*Task to complete*: Go through the lines below and repeat each one exactly, skipping pictures.

# # # # #

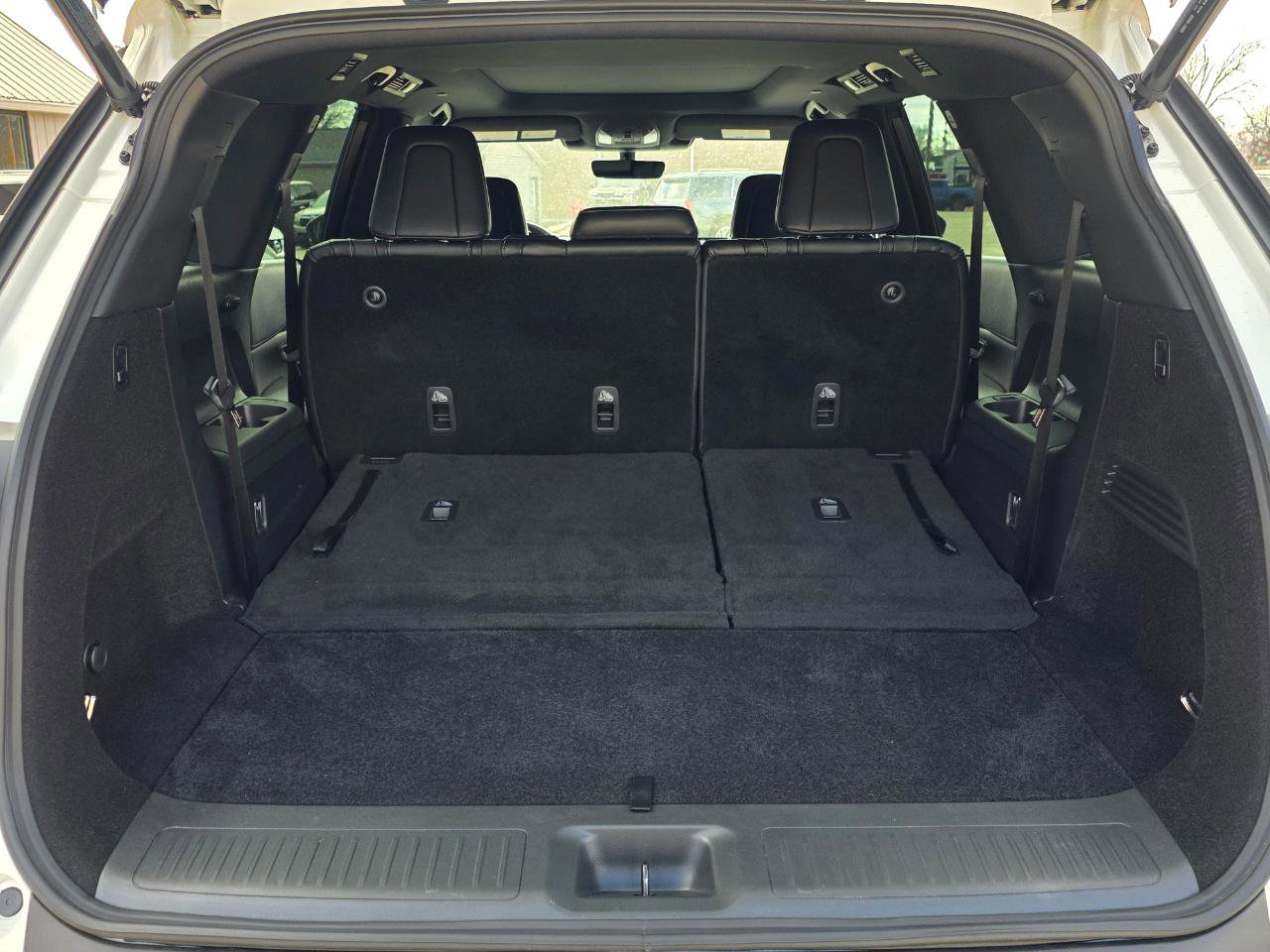 Used 2025 INFINITI QX60 Luxe w/ Black Edition image 19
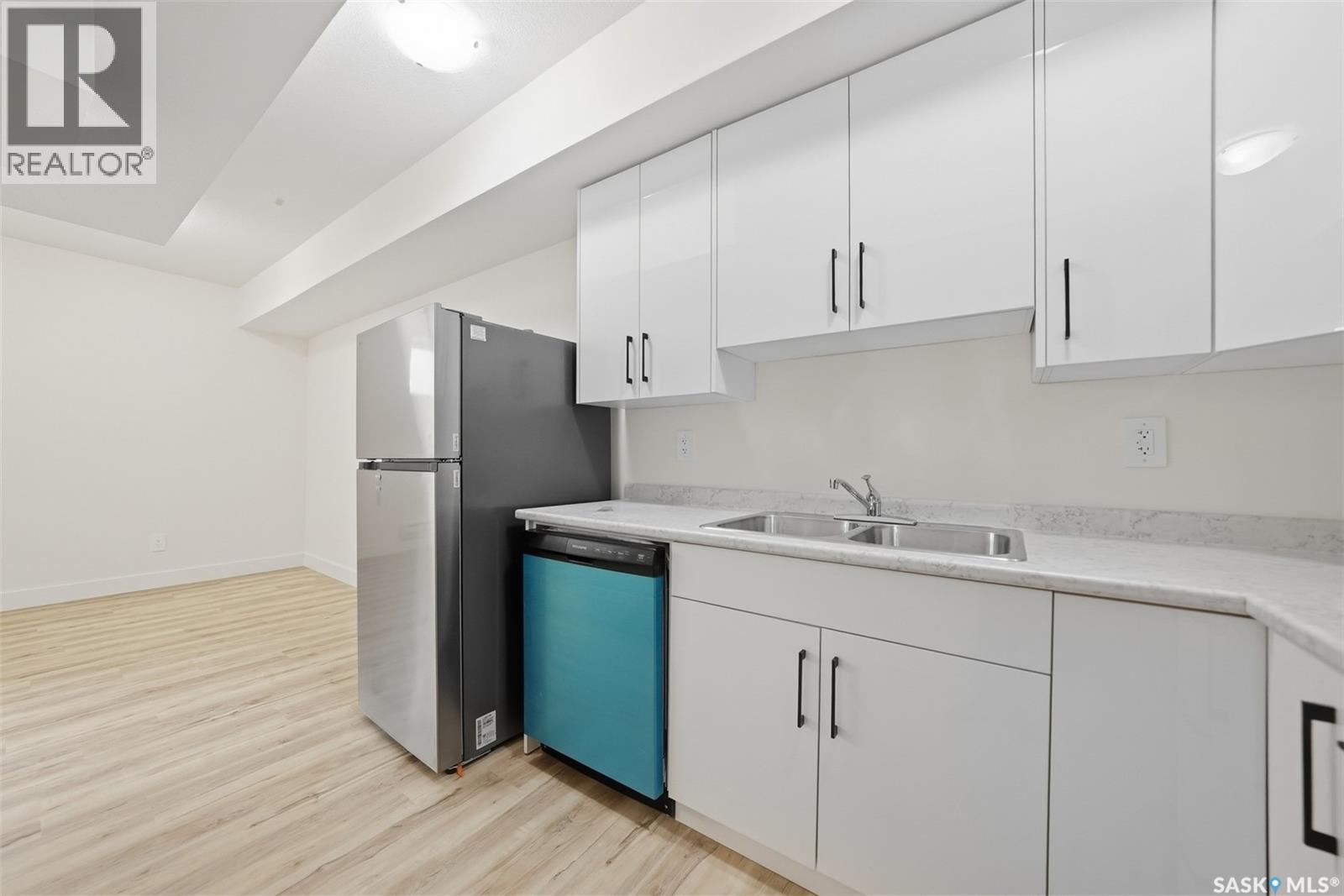 559 Kalra STREET - 33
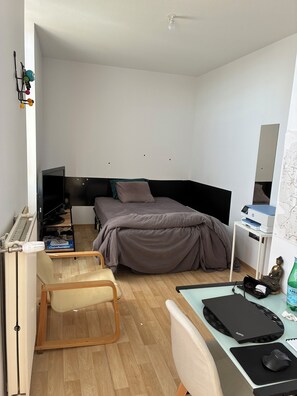 Room - Vrbo Property (Oullins-Pierre-Bénite)
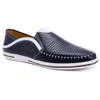 Äkta läder sandaler skor män trevliga sommar avslappnade hål slip-on platta ko manliga loafers svart vit a1295 6e7e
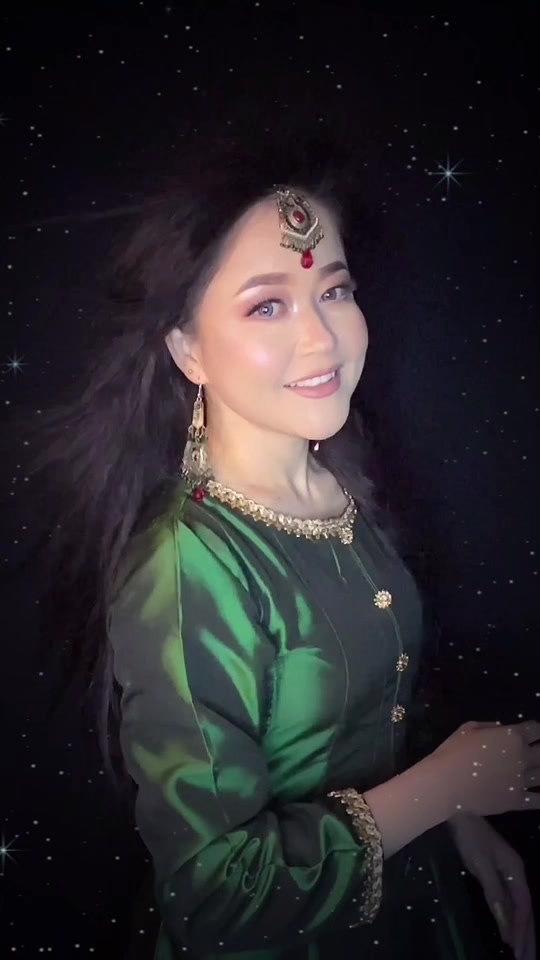@Zeba Noori Official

# # # # #

*Exercise response*:
 Used 2025 INFINITI QX60 Luxe w/ Black Edition image 19
 559 Kalra STREET - 33
 Room - Vrbo Property (Oullins-Pierre-Bénite)
 Äkta läder sandaler skor män trevliga sommar avslappnade hål slip-on platta ko manliga loafers svart vit a1295 6e7e
@Zeba Noori Official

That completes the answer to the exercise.